Stored data entries:
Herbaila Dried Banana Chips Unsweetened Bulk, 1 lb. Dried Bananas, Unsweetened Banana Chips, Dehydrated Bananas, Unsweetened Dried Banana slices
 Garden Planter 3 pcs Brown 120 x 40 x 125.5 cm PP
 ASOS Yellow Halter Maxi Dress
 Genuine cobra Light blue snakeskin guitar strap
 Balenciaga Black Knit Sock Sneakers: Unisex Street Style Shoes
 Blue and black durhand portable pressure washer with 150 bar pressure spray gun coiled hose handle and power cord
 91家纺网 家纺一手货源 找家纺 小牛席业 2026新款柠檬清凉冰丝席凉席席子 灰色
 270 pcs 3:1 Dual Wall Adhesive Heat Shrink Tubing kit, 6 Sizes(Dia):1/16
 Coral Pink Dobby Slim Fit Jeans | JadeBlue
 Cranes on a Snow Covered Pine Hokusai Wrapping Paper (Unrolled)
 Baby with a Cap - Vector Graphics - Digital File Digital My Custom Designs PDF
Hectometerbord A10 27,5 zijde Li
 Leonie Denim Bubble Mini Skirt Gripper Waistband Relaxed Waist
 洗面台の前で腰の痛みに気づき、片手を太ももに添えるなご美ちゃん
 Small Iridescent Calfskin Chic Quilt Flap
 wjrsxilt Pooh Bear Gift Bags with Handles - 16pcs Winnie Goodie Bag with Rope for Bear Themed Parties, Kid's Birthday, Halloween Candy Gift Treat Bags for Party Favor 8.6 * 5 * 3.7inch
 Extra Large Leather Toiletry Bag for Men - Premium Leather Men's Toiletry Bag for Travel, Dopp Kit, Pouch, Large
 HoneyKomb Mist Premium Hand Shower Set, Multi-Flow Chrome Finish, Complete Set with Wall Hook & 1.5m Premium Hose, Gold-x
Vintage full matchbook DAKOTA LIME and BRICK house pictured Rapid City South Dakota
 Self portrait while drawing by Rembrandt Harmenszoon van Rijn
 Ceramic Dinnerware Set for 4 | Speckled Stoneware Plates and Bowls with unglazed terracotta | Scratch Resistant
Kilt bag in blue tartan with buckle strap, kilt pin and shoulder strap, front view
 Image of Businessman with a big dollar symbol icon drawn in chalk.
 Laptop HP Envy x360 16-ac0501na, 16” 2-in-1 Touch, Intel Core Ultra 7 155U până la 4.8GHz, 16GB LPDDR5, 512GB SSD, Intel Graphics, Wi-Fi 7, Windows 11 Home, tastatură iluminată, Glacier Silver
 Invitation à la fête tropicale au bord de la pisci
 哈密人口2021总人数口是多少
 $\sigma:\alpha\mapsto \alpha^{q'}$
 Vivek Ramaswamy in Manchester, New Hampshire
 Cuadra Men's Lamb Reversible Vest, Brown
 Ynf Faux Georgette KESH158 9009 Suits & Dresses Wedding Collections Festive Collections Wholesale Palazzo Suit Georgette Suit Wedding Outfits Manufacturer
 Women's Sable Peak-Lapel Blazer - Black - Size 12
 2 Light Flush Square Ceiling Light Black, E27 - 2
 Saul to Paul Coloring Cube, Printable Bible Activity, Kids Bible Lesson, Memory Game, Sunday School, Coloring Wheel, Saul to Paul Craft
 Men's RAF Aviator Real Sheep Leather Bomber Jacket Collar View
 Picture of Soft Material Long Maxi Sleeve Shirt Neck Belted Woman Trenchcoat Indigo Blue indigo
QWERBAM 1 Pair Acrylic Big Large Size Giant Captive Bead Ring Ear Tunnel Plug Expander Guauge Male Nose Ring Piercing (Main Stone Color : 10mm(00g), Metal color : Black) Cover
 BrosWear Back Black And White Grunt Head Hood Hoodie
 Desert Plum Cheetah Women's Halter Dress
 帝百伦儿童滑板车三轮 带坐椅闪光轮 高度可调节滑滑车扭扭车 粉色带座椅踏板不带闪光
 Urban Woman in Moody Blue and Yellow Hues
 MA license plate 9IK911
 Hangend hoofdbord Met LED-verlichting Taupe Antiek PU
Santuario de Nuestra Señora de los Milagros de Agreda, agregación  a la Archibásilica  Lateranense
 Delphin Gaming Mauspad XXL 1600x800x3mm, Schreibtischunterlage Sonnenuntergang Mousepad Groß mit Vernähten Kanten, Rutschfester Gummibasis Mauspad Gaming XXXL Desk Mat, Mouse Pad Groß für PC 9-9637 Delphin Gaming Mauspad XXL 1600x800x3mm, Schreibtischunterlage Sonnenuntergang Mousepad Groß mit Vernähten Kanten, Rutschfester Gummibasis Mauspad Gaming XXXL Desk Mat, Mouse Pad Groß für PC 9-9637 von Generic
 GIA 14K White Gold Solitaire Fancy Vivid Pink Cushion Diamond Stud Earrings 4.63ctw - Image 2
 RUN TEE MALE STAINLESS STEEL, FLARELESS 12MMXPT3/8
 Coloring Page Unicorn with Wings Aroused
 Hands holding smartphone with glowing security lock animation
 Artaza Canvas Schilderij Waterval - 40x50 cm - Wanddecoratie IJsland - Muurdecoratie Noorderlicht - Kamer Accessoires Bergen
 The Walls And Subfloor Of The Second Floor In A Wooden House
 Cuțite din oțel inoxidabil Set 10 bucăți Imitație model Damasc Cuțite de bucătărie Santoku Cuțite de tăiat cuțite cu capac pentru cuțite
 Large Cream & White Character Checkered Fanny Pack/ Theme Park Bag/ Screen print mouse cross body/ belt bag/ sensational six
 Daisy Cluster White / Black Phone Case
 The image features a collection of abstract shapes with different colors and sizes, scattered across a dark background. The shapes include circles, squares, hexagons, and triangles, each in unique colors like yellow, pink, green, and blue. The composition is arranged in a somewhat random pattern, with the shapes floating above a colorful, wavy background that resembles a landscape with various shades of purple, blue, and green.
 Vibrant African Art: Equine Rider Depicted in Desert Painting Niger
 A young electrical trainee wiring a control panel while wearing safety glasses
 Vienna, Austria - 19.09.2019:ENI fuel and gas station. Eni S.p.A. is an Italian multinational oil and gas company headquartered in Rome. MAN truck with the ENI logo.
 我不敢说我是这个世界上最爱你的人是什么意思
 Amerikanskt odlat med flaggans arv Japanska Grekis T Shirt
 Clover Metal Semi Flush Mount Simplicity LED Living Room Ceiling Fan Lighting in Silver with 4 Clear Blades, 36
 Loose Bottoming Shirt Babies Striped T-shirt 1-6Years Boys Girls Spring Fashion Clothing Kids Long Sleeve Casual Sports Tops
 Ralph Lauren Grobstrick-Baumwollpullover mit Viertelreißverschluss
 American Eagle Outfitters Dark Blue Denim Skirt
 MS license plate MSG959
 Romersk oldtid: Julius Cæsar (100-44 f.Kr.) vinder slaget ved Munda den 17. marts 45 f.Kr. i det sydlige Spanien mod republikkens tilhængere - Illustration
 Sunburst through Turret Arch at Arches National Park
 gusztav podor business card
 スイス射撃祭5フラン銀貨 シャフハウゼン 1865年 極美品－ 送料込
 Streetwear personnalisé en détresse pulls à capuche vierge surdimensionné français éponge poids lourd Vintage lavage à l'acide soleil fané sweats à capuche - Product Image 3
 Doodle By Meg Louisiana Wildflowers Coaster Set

- **Activity**
List all lines above in which the string "Denim" appears.

- **Answer for this exercise**
 Leonie Denim Bubble Mini Skirt Gripper Waistband Relaxed Waist
 American Eagle Outfitters Dark Blue Denim Skirt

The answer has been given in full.